Work-Life-Balance macht die Arbeit kleiner, als sie ist – nämlich zum bloßen Frondienst; sie macht das Leben kleiner, als es ist – nämlich zur bloßen Freizeit; und sie macht uns kleiner, als wir sind – nämlich zu mal fleißigen, mal faulen Halbwesen. Arbeitszeit und Freizeit sind Lebenszeit. Sie zu unterscheiden, macht die Arbeit unfrei und die Freizeit unfruchtbar.
Ich will mich jetzt nicht auf die Diskussion einlassen, dass die gegenwärtige Situation der Erwerbsarbeit für viele kein selbstbestimmtes Arbeiten und Leben ermöglicht.
Ich könnte auch meckern (wie jemand in den Kommentaren), dass die Überschrift nicht wirklich zum Text passt, in dem es um eine Kritik der Work-Life-Balance geht.
Geschenkt.
Mein Gedanke geht eher dahin, ob ich, wir nicht manchem Menschen zumindest teilweise Unrecht getan habe/n.
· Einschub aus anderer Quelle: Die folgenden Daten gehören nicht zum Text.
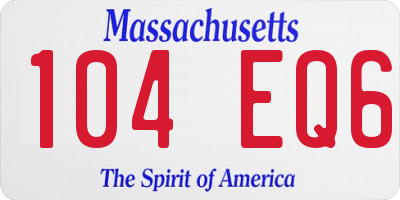 MA license plate 104EQ6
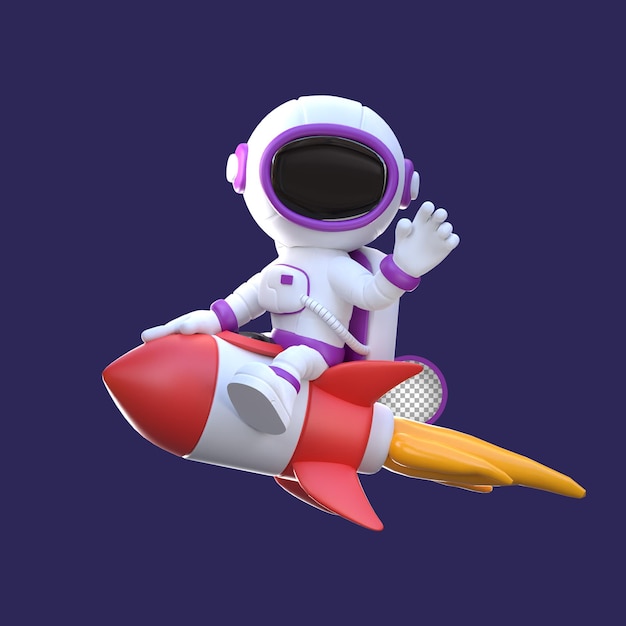 Astronauta in sella a un razzo agitando la mano 3d'illustrazione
Dann nämlich, wenn ich, wir innerlich den Kopf geschüttelt habe/n über den Satz „Arbeit war sein ganzes Leben“ oder „Müh und Arbeit war ihr Leben“.
Ja, das geschah im Rahmen eines (oft) ausbeuterischen Systems.
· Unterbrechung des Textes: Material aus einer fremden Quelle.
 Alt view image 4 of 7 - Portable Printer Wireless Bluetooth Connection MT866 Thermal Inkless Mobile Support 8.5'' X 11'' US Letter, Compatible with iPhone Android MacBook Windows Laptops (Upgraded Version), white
Ja, das hatte Folgen für die Familie.
Ja, das hatte bei vielen Konsequenzen für die Gesundheit.
Aber vielleicht waren Männer und Frauen in solchen Arbeitsverhältnissen glücklich in ihren Tätigkeiten.
Vielleicht haben sie selbst nicht so zwischen Arbeit und Freizeit so unterschieden, dass Letzteres das Leben und der Rest nur Mühe und Leid war?
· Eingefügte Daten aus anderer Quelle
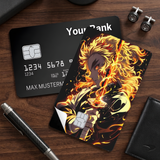 Credit Card Skin Sticker - Demon Slayer - Rengoku Flame Effects - Holographic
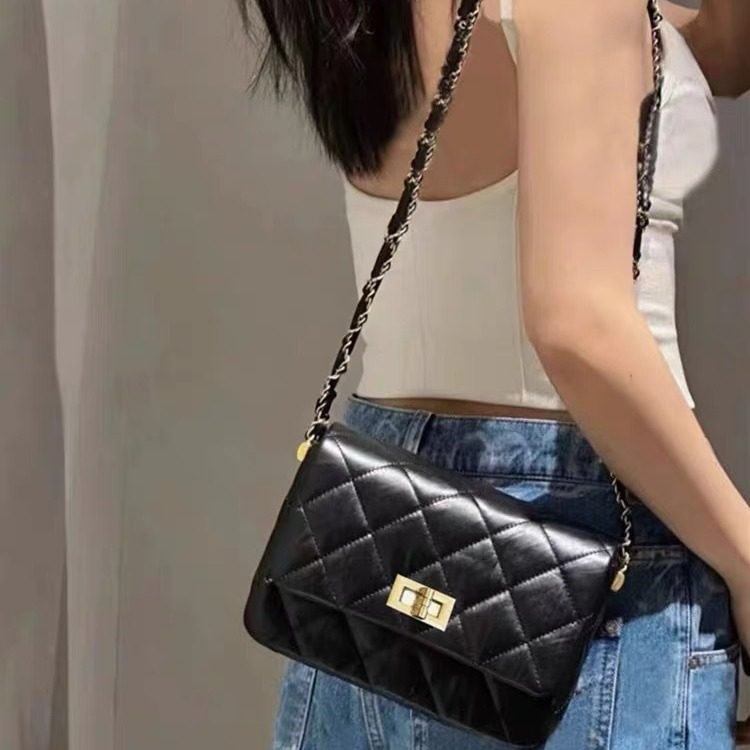 2023新款头层油蜡牛皮小香风菱格链条小方包时尚简约单肩斜挎女包,淘宝优惠券,粉丝福利购,淘宝优惠卷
Entfremdung hat viele Gesichter, aber vielleicht ist manch eine/r in einer ausbeuterischen Situation ganz und gar aufgegangen, und noch zum Wohle anderer.
Er/Sie konnte sagen:
Hier bin ich richtig.
Hier fühle ich mich wohl.
Hier bin ich ich.
Ist das nichts?
Und waren Menschen früherer Tage, auf die der Satz mit der Arbeit zutraf vielleicht „lebendiger“ als manch eine/r, die/der heute versucht, krampfhaft Erwerbsarbeit und Freizeit in eine Balance zu bringen?
Weil – wie Philip Kovce schreibt – sie so in beidem nicht wirklich anwesend und lebendig sind?
Vielleicht ein unbequemer Gedanke, der Widerspruch auslöst.
Weil es schwer vorstellbar scheint, dass ein Mensch in einer entfremdeten Arbeitssituation ganz und gar aufgeht.
Politisch korrekt ist das jedenfalls nicht.
Und die Arbeitsbedingungen sind auch keinesfalls wünschenswert.
Aber vielleicht trotzdem „gut“ für den einen, die andere?
Philipp Kovce provoziert.
Er will die üblichen Begriffe durcheinander bringen.
Arbeit und Leben sind keine Gegensätze, da hat er Recht.
Wer Arbeitszeit nicht als Leben begreift, verspielt einen Großteil seines Lebens.
Viele sind dazu gezwungen so zu leben.
Das ist schrecklich.
Wohl dem, der/die darin doch noch sagen kann:
„Müh und Arbeit war mein Leben.“
Wenn ich wieder mal vor einem Grabstein mit der Aufschrift: „Arbeit war sein ganzes Leben“ stehe, werde ich ihn wohl mit neuen Augen ansehen.
Sein Leben war Arbeit – sein Leben war Scheiße. Es mag Menschen geben, die aus Ihrem Hobby, ihrer Veranlagung, ihrem Talent eine Berufung machten, davor habe ich Achtung. Ansonsten ist Arbeit nur ein notwendiges Übel, damit der Schornstein raucht. Und wenn das das einzige im Leben ist, was Bedeutung hatte, hat man am Leben vorbei gelebt, vielleicht sogar gar nicht gelebt, sondern nur funktioniert. Arbeiten, um zu leben – ja. Leben um zu arbeiten – ein ganz entschiedenes Nein!